Speaking to City Press last week, Mashaba would only say that it was “a compliment that political parties in our co-governance arrangement associate with the change being delivered by the multiparty government”.

He said the multiparty government, with the support of the EFF, was “turning Johannesburg around and addressing the inherited service delivery backlogs and epidemic levels of corruption”.

“My role remains to lead this turnaround demanded by our residents and I will continue to work with like-minded parties to achieve it,” Mashaba said.

He said he led this arrangement with “the non-negotiable campaign offering of delivering change that stops corruption, starts delivery and creates jobs, and the multiparty government finds common ground in these values”.
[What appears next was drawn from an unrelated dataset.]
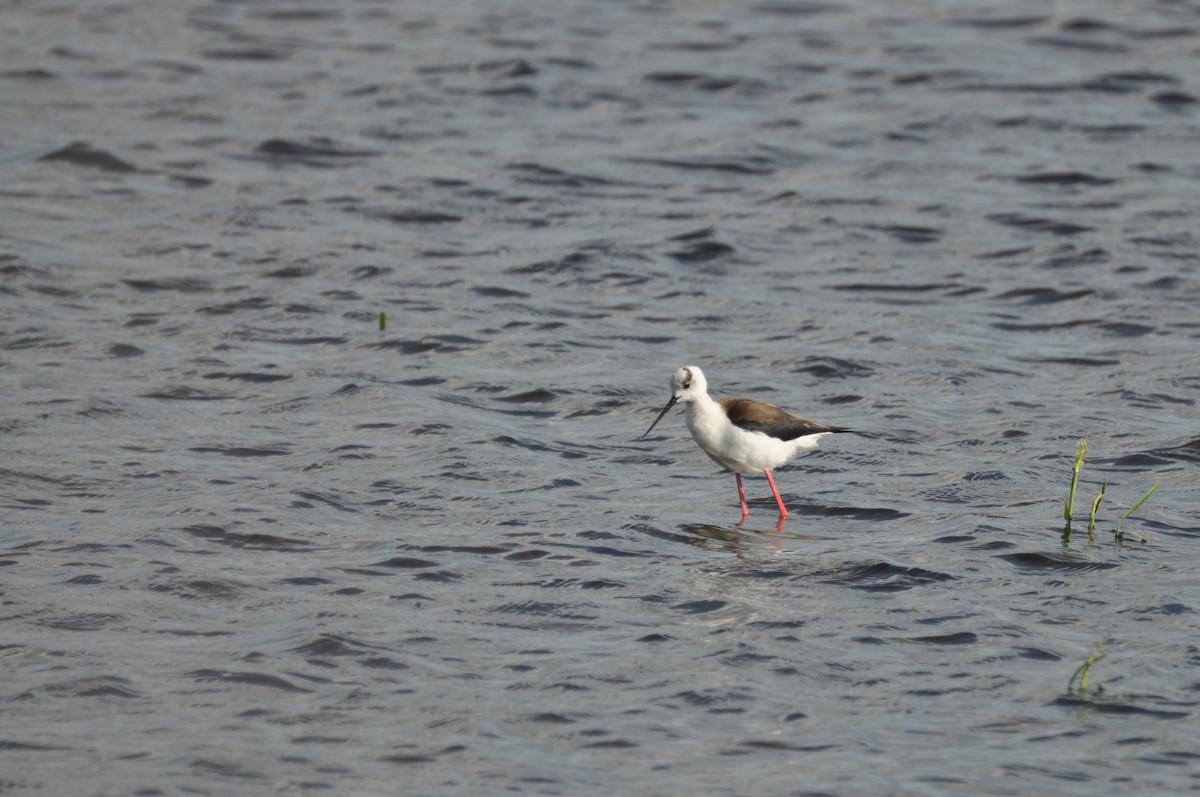 高蹺鴴 - ML645540550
The cooperation project between the DA and the EFF was threatening to collapse in Tshwane, coming just a few months after things failed to work out in a similar arrangement at Nelson Mandela Bay in Port Elizabeth.
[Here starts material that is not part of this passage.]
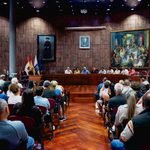El Cabildo pone en marcha un programa para la protección forestal, gestión de material combustible y biodiversidad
The DA took control of three metros, including Johannesburg, with the help of the EFF and other smaller parties after the ANC failed to achieve a majority vote in the 2016 municipal elections.

EFF leader Julius Malema Picture: Supplied

Last week, EFF leader Julius Malema dropped a bombshell that the party was gunning to unseat the DA in Tshwane by June, but said Mashaba was safe.

“Even if the DA fires him, they will personally give him a red cap,” said Malema during a gala dinner on the eve of the EFF’s manifesto launch in Tshwane.

He said he admired Mashaba because he was independent and where he disagreed with the DA he was not afraid to take a different view if it meant the outcome would deliver the necessary change.

However, Mashaba said that he “found DA leadership to be supportive” and “willing to be engaged on different approaches to addressing our challenges”.

“I lead a multiparty government. This requires me to ensure that the solutions brought by all parties in our arrangement form part of our plans to address the lived realities of the people of Johannesburg.”

However, DA insiders said Mashaba was “overappeasing the EFF” just to be safe.

“It is about power for him. It is all about staying in the game,” said a councillor.

The councillor said EFF-connected people were also benefitting from the relationship through employment and municipal contracts.

They said even if some in the DA were not happy with Mashaba, they were stuck with him because any other candidate they could wish for was unlikely to get the support of the EFF.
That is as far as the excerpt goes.